Also, I had the lower gasket replaced just out of warranty (that hurt). Then I noticed coolant leaking near the top of the engine in the vicinity of the water pump although I could not find the exact source of the leak. Oil has always checked out OK when changing it - no sign of any coolant in it at all. I went ahead and changed the waterpump (skipped draining the radiator step). Topped off the reservoir and bled the system. No more leaking and the reservoir has maintained a constant level for well over 1k miles now. I am keeping my fingers crossed on the intake gasket. The water pump was quite easy to change - a pleasant surprise. It was harder changing the battery!
Any way, we have really enjoyed this van and have had relatively few problems. I am thinking about trading out because it seems like more problems are starting to happen. In addition to the heated seat not working (and the wife loves that feature), I noticed that one of the power rear vent windows is not working. Any thoughts on that one?

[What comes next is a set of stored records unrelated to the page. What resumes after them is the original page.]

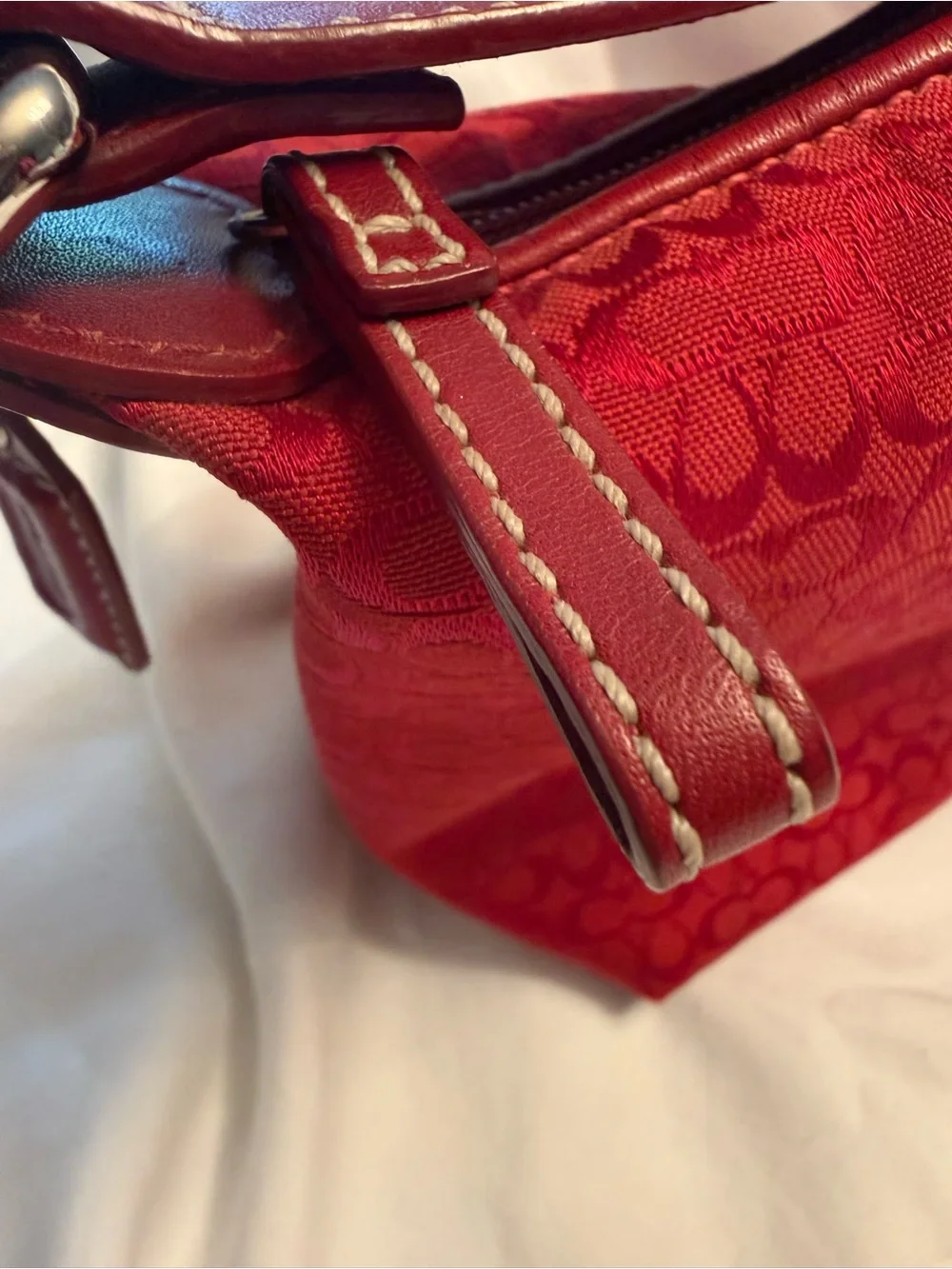 COACH Cherry Red Signature Soho Hobo Bag - Excellent Condition Y2K Vintage
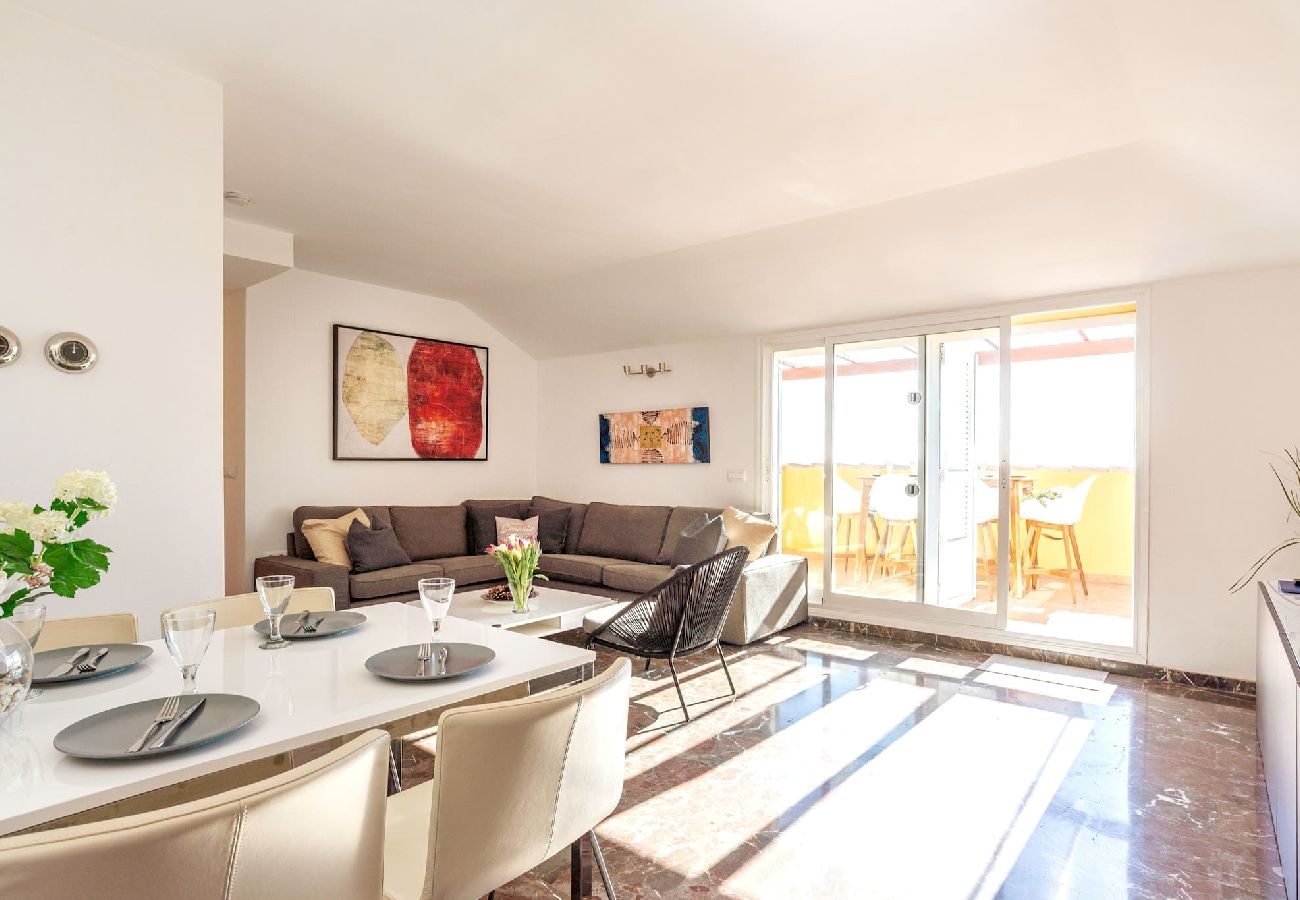 Lejlighed i Fuengirola - Penthouse tæt på strand med fantastisk udsigt. 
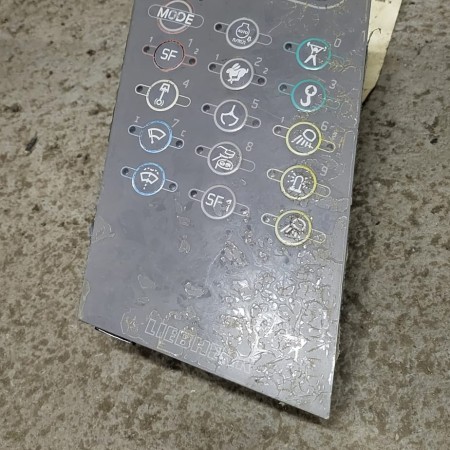 LIEBHERR - R964C - Excavadora de orugas - Consola - teclado de control 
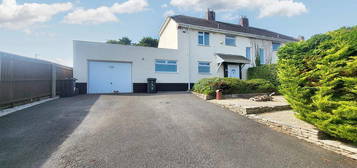 3 bedroom semi-detached house to rent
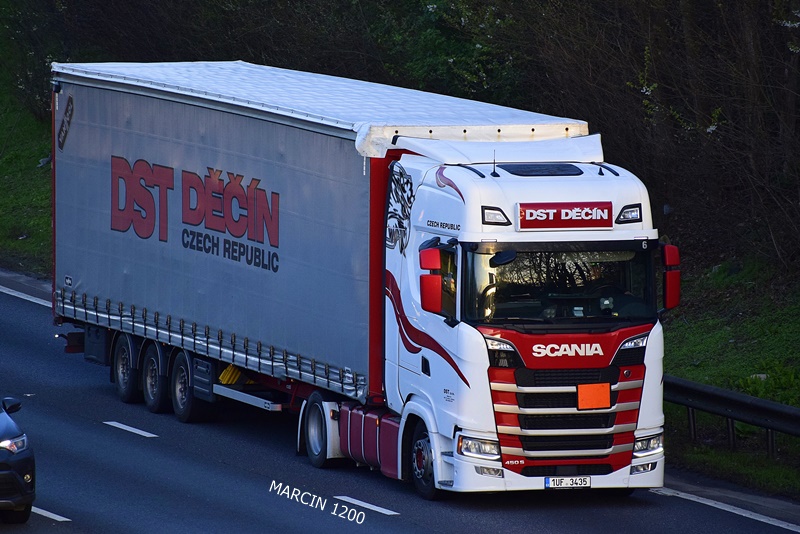 _DSC9850-crop-DST Decin-SCANIA S450.JPG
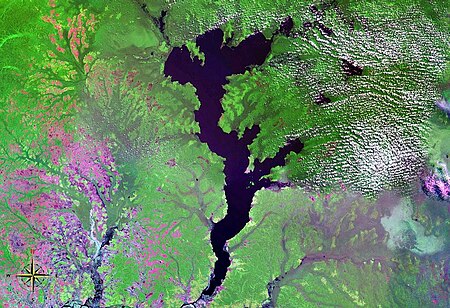 Lake Mai-Ndombe NASA.jpg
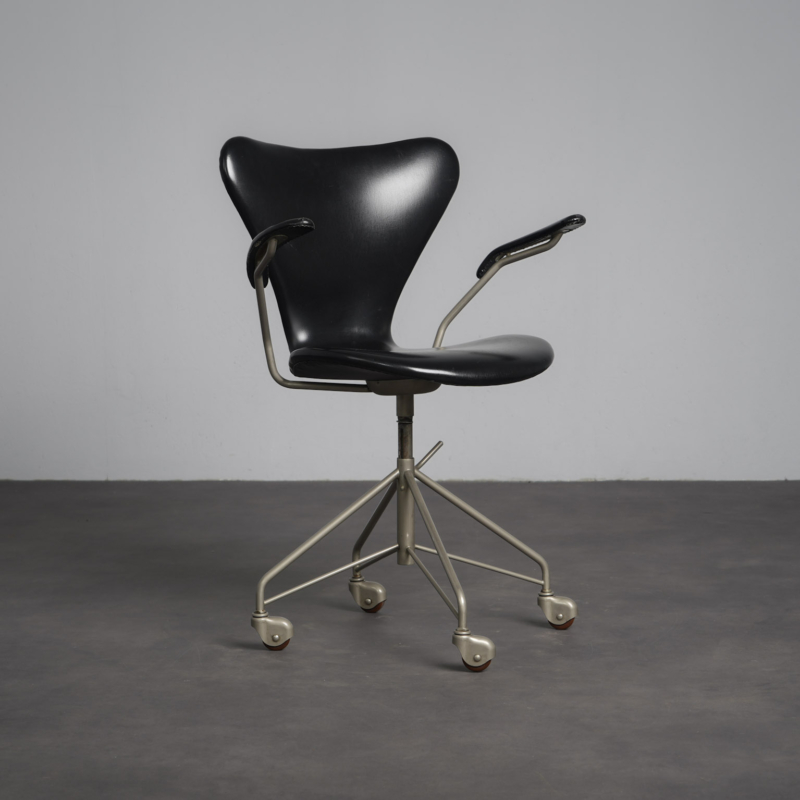First Edition Arne Jacobsen Model 3217 Office Chair for Fritz Hansen, Denmark, 1950s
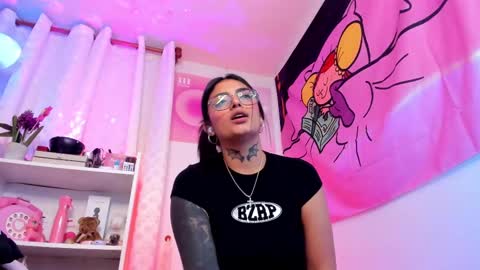  Karol  Independent Model online show from 03-08-25, 02:45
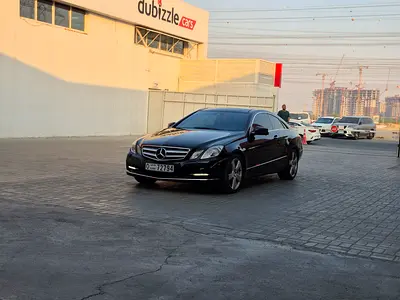 2013 Mercedes-BENZ E-CLASS photo 3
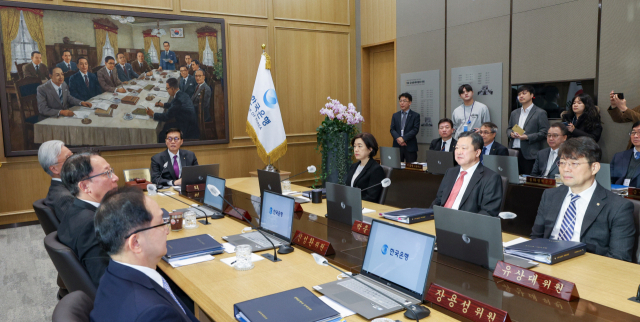 이창용 한국은행 총재가 30일 서울 중구 한국은행에서 열린 금융통화위원회 통화정책방향 결정회의를 주재하고 있다. 2023.11.30 사진공동취재단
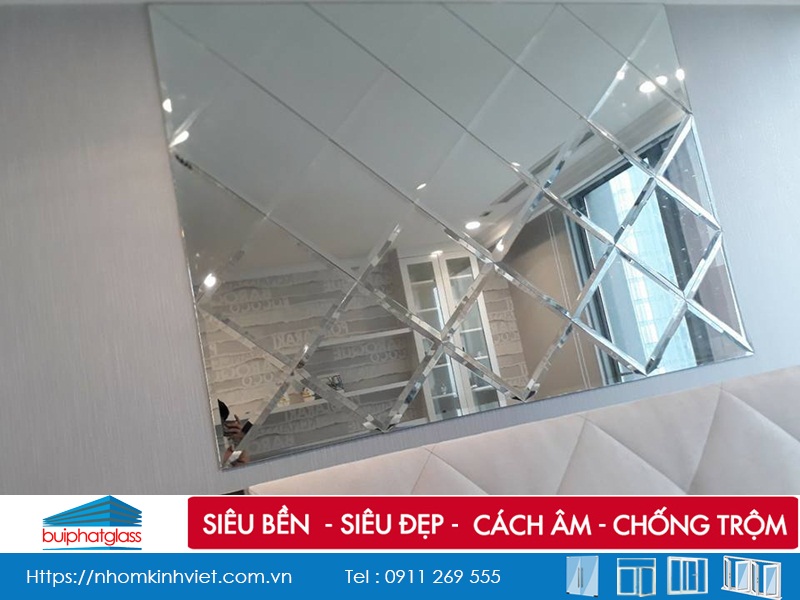 Lắp gương dán tường phòng khách chung cư Vinhome Bình Thạnh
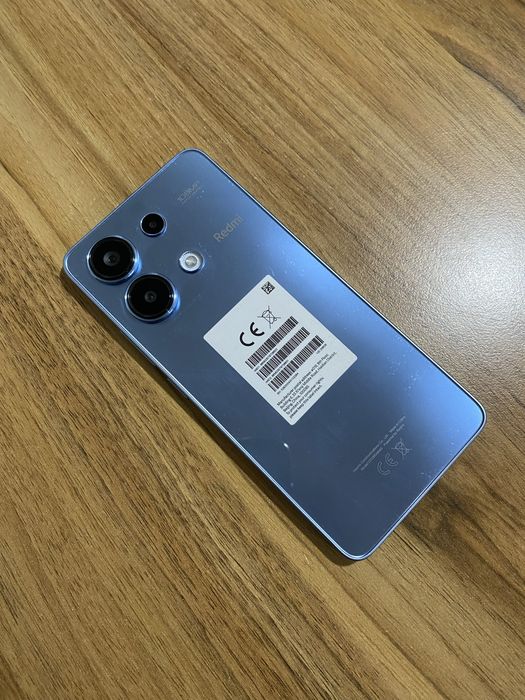 Редми Нот 13  256 гб холати идял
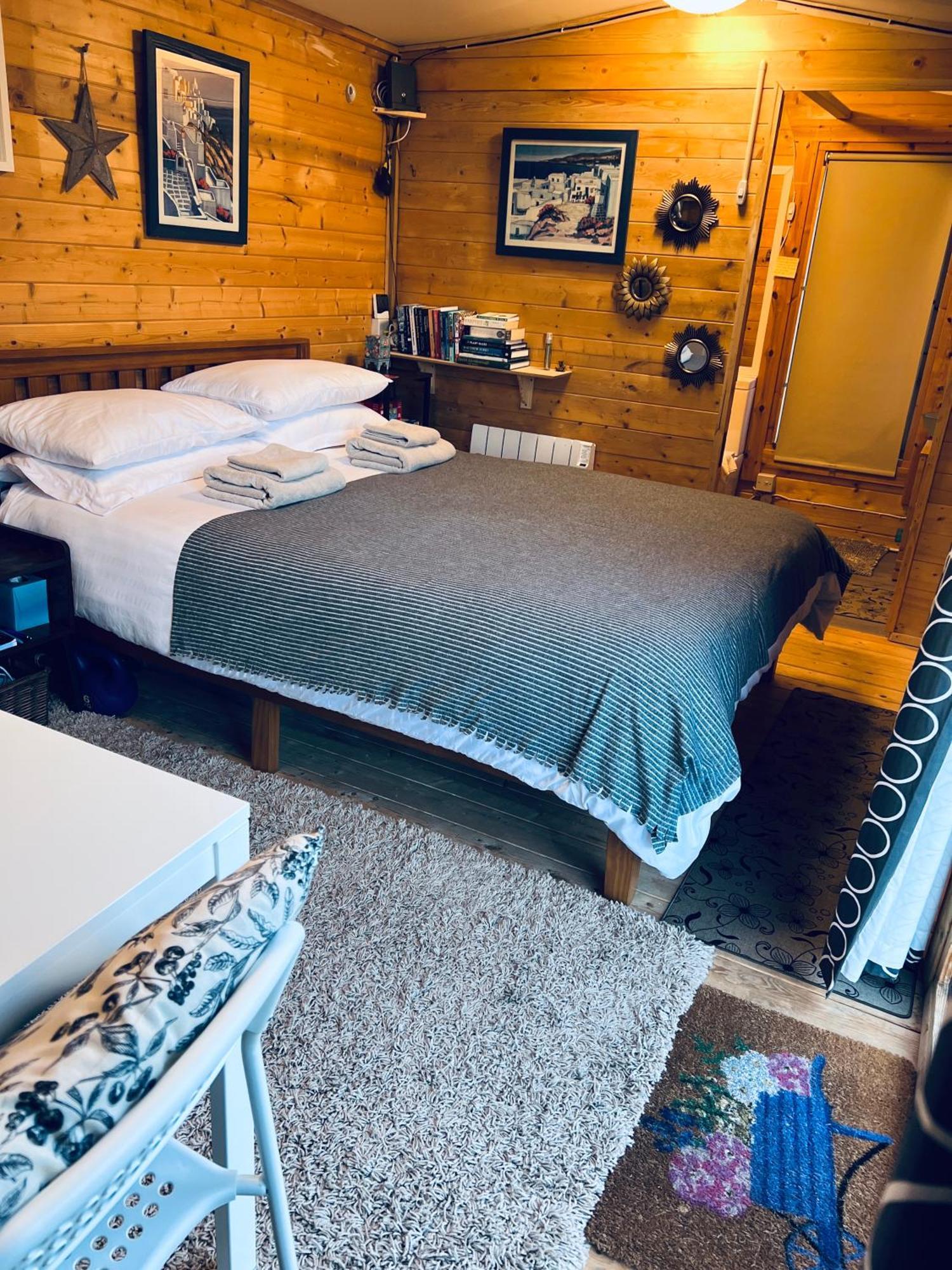 The Cabin Bradford-On-Avon Εξωτερικό φωτογραφία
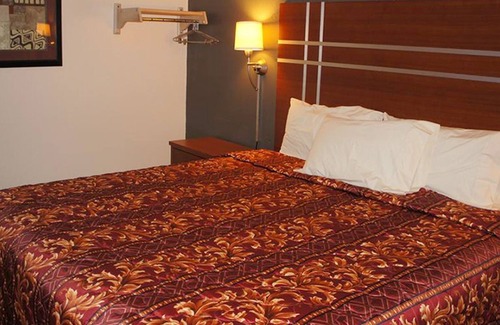 Waite Park House | Coratel Inn & Suites By Jasper Waite Park - Comfort 1 King Bed Non-Smoking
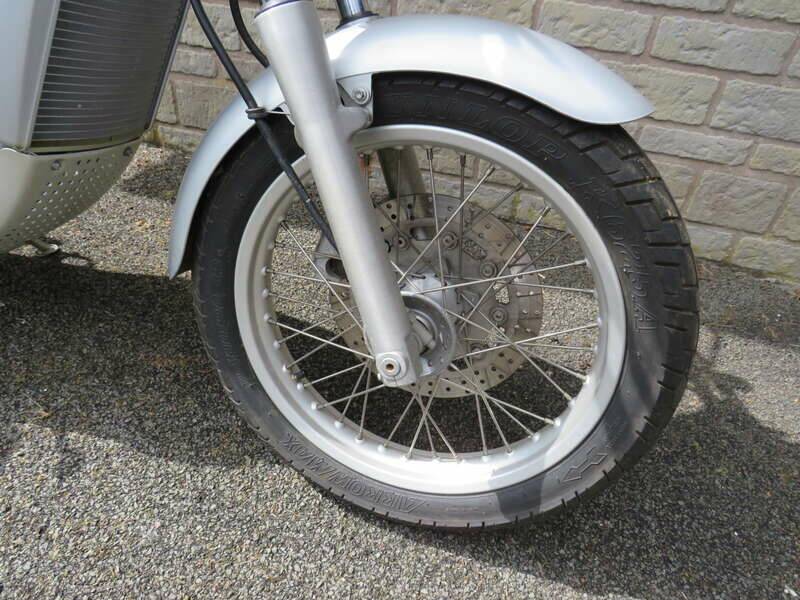 Bild 28/41 von Aprilia Moto 6.5 (2000)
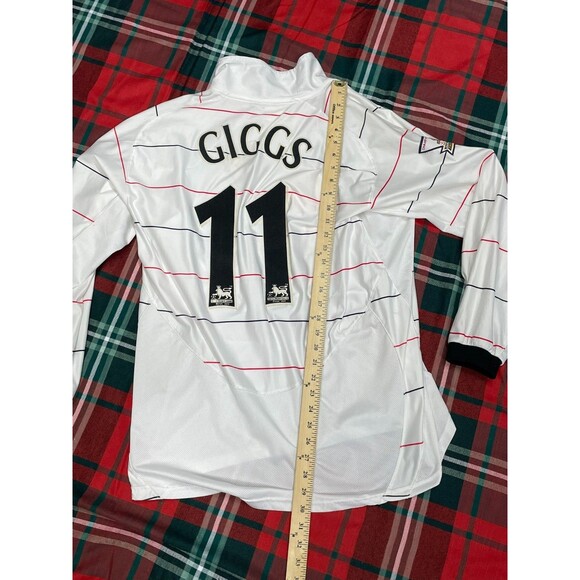 Nike Men's XL White Jersey Manchester United F.C. Ryan Giggs #11 Activewear - Picture 6 of 10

#1308 of 1617 Re: DRIVER HEATED SEAT NOT WORKING Q [biggs2]
Jan 09, 2006 (2:17 pm)
This is a description of how it works:
"Ignition voltage is supplied the heated seat switches. When a heated seat switch is turned on, voltage is supplied through the heated seat switch signal circuits to the heated seat relay module terminals B and C. Battery positive voltage is supplied the heated seat relay modules. When the heated seat switch is turned on and the resistance through the heated seat thermistor is within acceptable limits, the relay module closes the battery positive supply circuit to the seat heater element supply circuit.
As a long-shot maybe the thermistor has failed now allowing the module to activate the heater.
Power rear window:
Might try pushing on it gently while someone depresses the switch. Post back if this causes it to open.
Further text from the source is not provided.